In this article we talk about vestibular migraine, its relationship with Meniere’s disease and Benign Paroxysmal Positional Vertigo, and the best supplement that is recommended for this medical condition.
Before talking about the supplement that is mostly recommended for those patients suffering from vestibular migraine, you need to be sure that you are indeed affected by this disorder.
Which are main symptoms for vestibular migraine?

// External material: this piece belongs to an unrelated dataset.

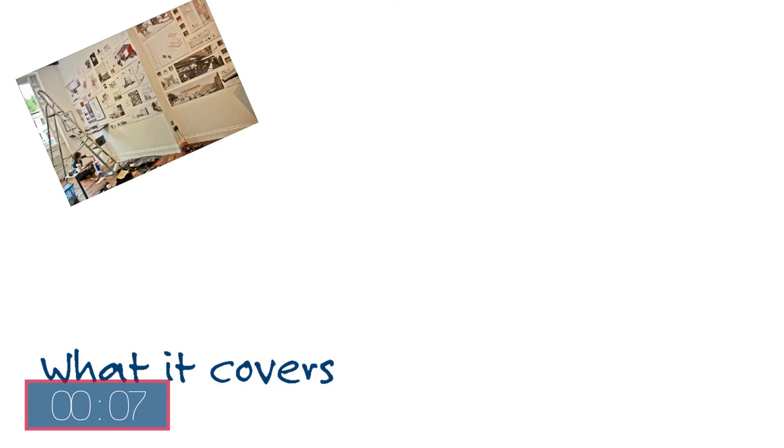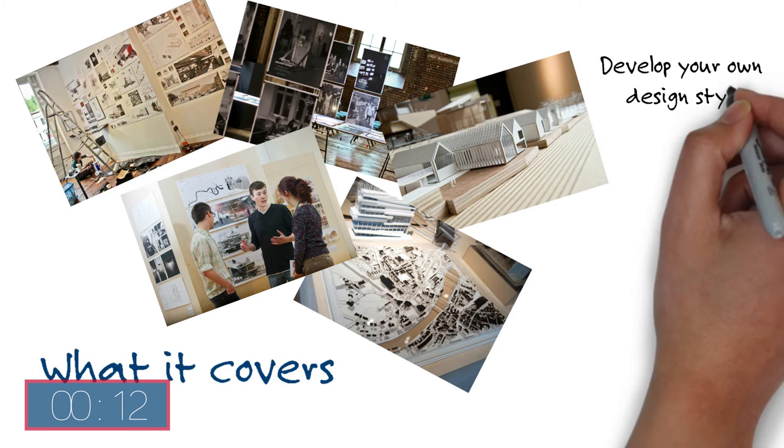You will work on design projects involving both manual and computer-aided drawing and model making, developing your own design style as well as the knowledge to understand the implications of your design decisions.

Vestibular migraine is considered a type of migraine. It is also known as migrainous vertigo, migraine-related vestibulopathy, and migraine-related dizziness. Some people who suffer from migraines may also have a feeling of intermittent dizziness or faintness. It is important to note that not everybody has headaches (up to 30% of vestibular migraine sufferers do not have headaches), but nausea and vomiting, sensitivity to sound, sensitivity to bright lights, and spatial disorientation are common. Other symptoms may also include hearing loss or tinnitus. Tinnitus is a medical term for those patients who have a ringing or some other strange noise in the ear.
In summary, balance problems and disorientation are the main symptoms. Vertigo problems often appear years after suffering from other common migraine symptoms. These vertigo problems may develop at any phase of a migraine attack with a fluctuating duration.
How can I know that I am affected by vestibular migraine?
We have already given you some hints of which are the most common symptoms. Still, diagnosing vestibular migraine can be a bit tricky. The first advice is obviously to consult your doctor to conduct a proper diagnosis. Neurotologists and neurologists are particularly recommended in vestibular migraine. Sometimes it is best an interprofessional team.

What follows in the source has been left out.